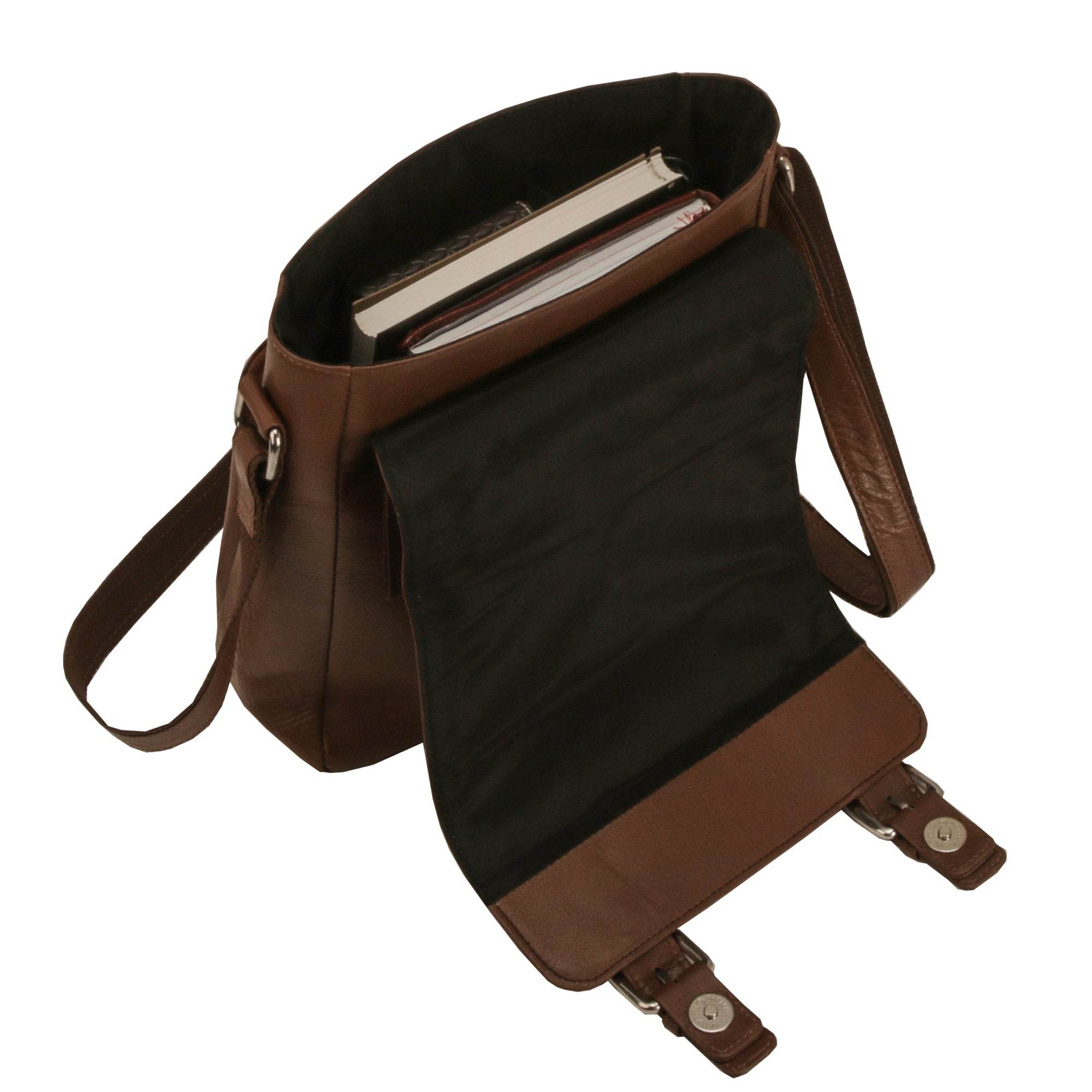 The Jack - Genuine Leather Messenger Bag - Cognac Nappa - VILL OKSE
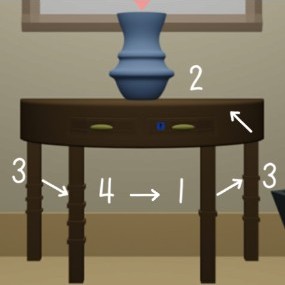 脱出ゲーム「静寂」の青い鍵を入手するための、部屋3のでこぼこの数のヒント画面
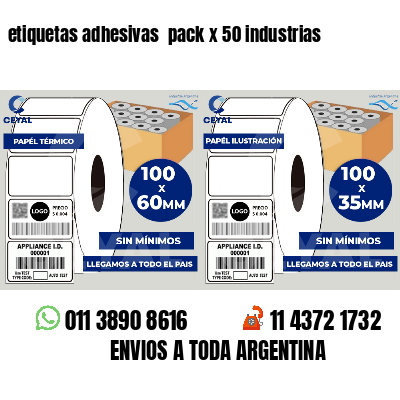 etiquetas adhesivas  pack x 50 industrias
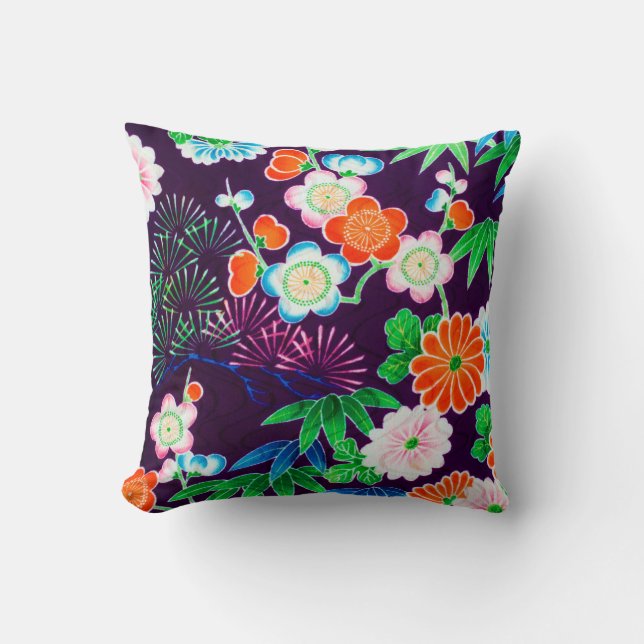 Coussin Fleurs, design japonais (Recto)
──────────
- Work order: Please restate all of the listing above word for word, with no pictures.

- Task solution:
 The Jack - Genuine Leather Messenger Bag - Cognac Nappa - VILL OKSE
 脱出ゲーム「静寂」の青い鍵を入手するための、部屋3のでこぼこの数のヒント画面
 etiquetas adhesivas  pack x 50 industrias
 Coussin Fleurs, design japonais (Recto)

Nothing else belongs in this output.